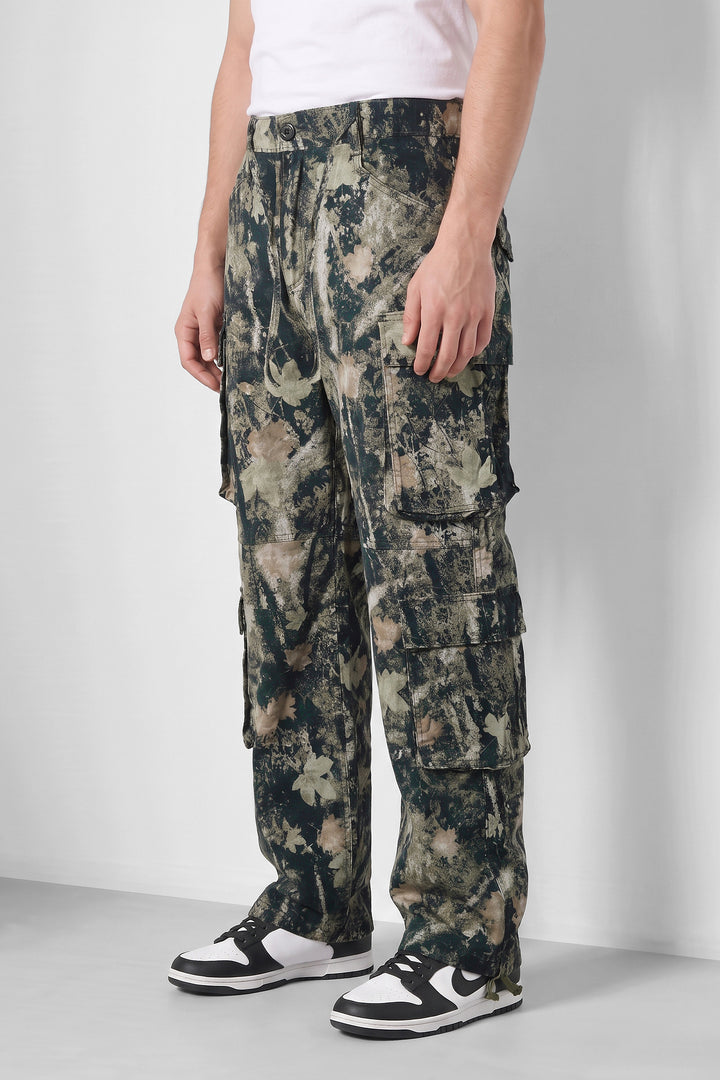 Green & Beige Camouflage 8-Pocket Cargo Trousers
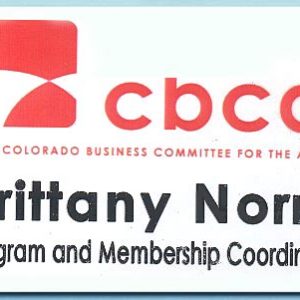 full color printed name tags with logo & engraved text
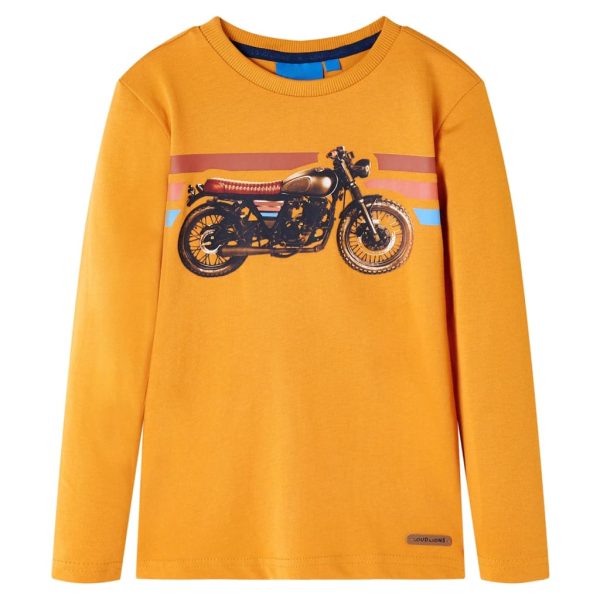 T-shirt de manga comprida para criança cor ocre 116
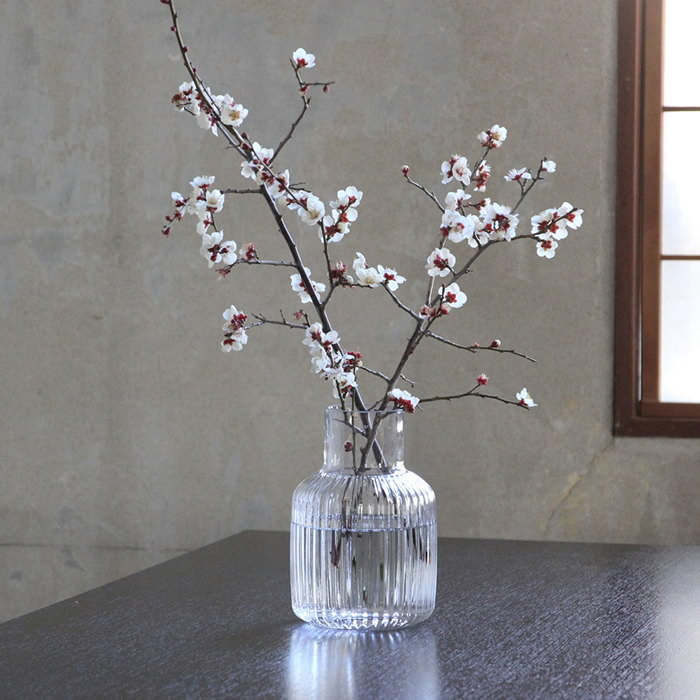 フラワーベース ウェーブ クリア Lサイズ 花瓶 おしゃれ 大きい 北欧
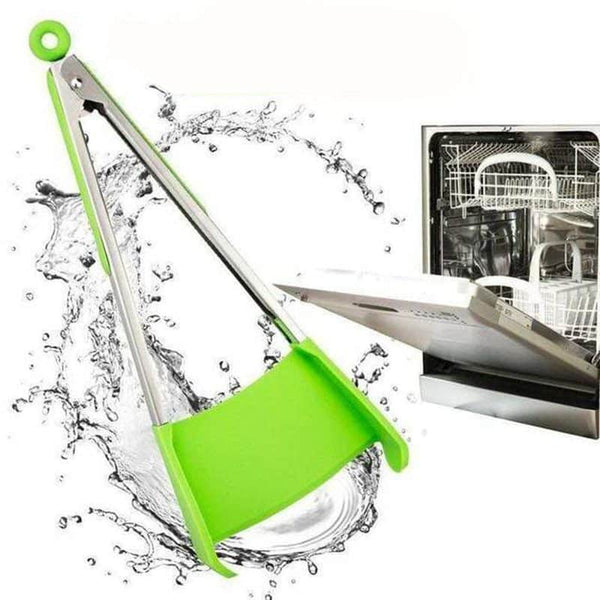 2 in 1 Clever Tongs in bright green color, shown with water splashing around, demonstrating ease of cleaning.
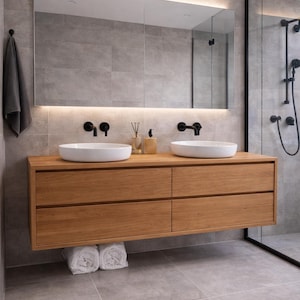 Floating Oak Bathroom Vanity, Wall-Mounted, Soft-Close Drawers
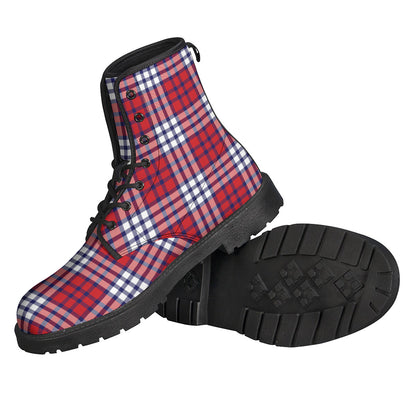 Blue Red And White USA Plaid Print Backpack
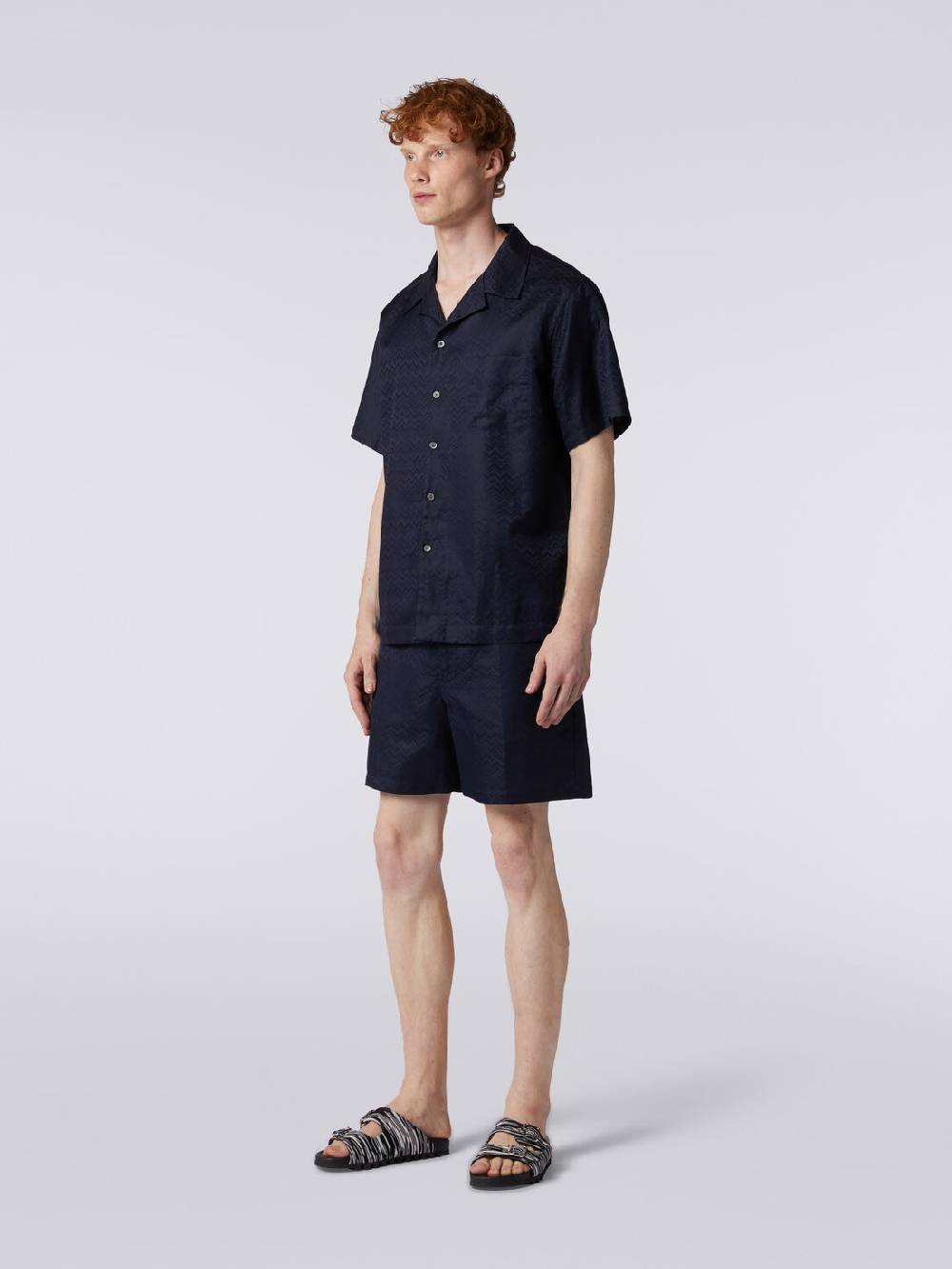 Missoni Camicia a maniche corte modello bowling in misto cotone chevron In Linea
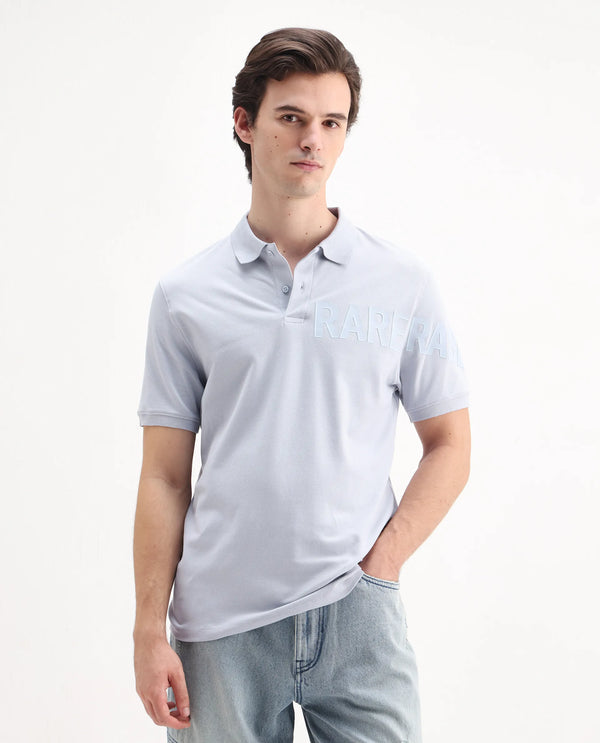 Rare Rabbit Men Taro Blue Cotton Blend Short Sleeve Regular Fit Regular Collared Plain Polo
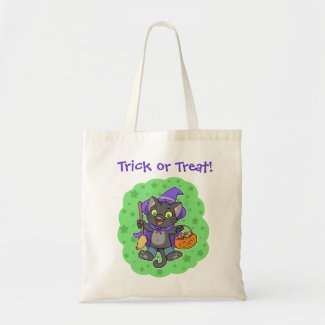 Halloween witch cat and pumpkin tote bag
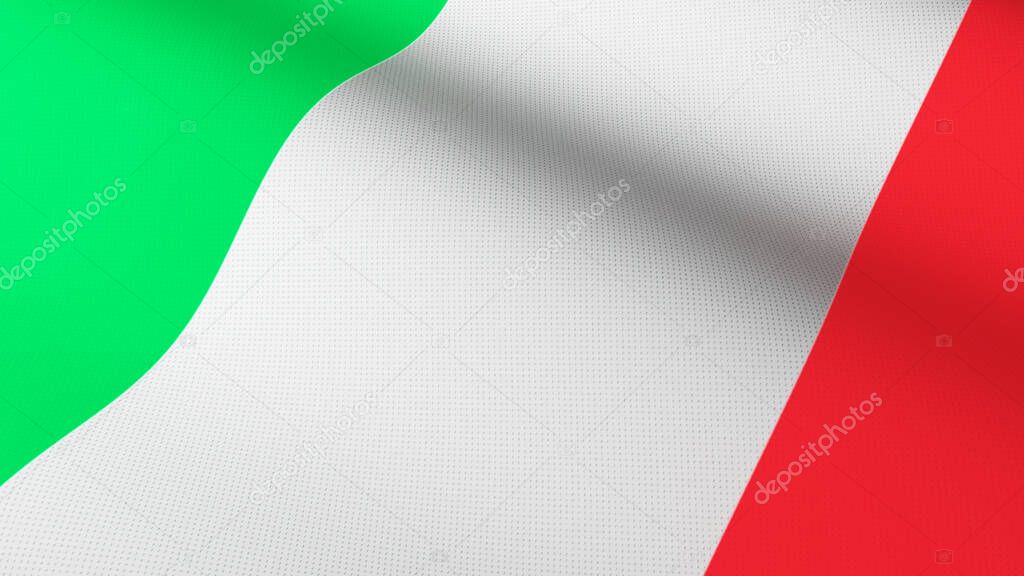 Close up of Italian waving flag 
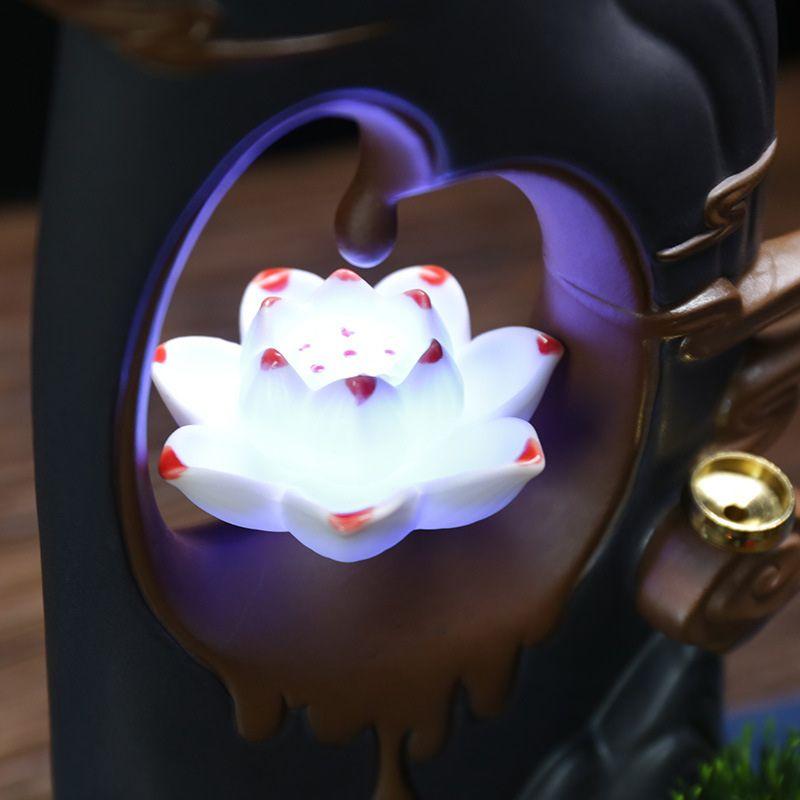 香炉 置物 蓮の花 滝流れ インテリア オブジェ LED ルームライト 風水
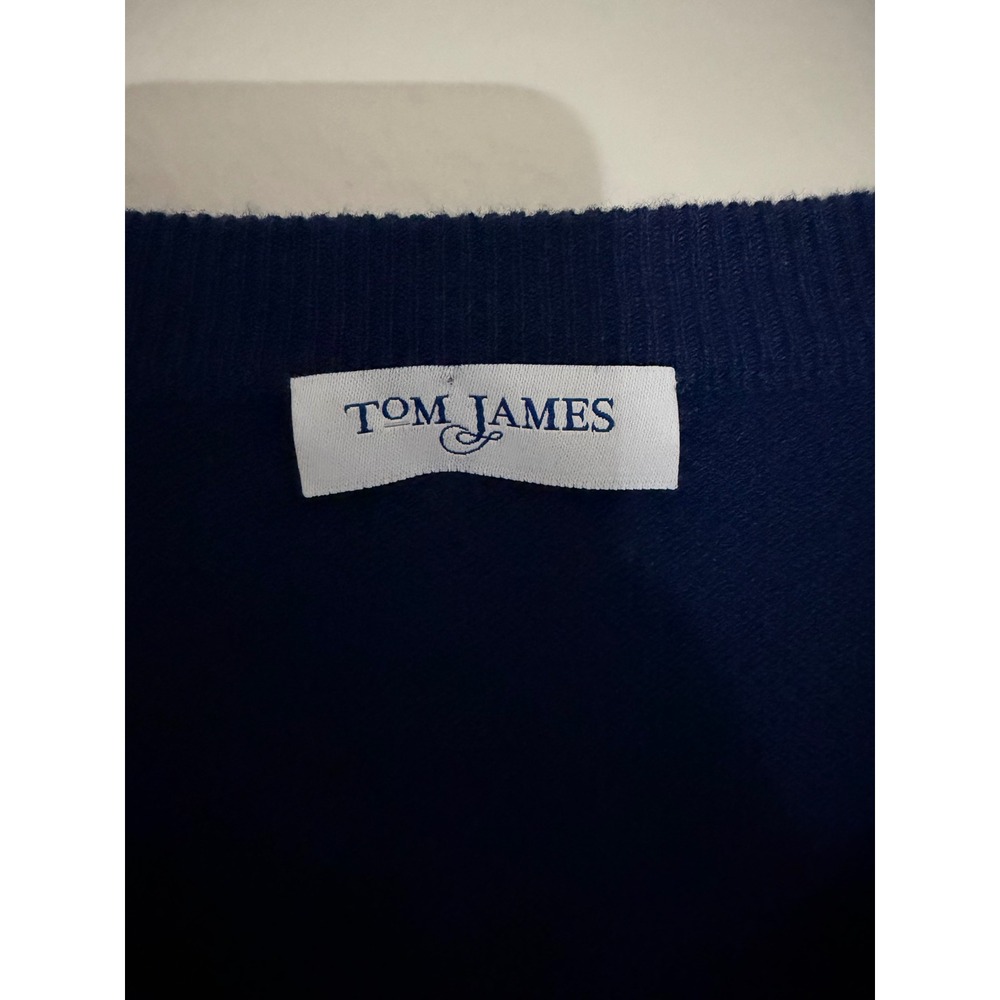 Tom James Mens Navy Blue 100% Cashmere V-Neck Long Sleeve Knit Sweater - Picture 4 of 5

◇ ◇ ◇ ◇

__Problem to solve__
From the records above, copy exactly the stretch from the line holding "Floating Oak Bathroom" through the line holding "Missoni Camicia a", both ends included, without the pictures.

__Task output__
 Floating Oak Bathroom Vanity, Wall-Mounted, Soft-Close Drawers
 Blue Red And White USA Plaid Print Backpack
 Missoni Camicia a maniche corte modello bowling in misto cotone chevron In Linea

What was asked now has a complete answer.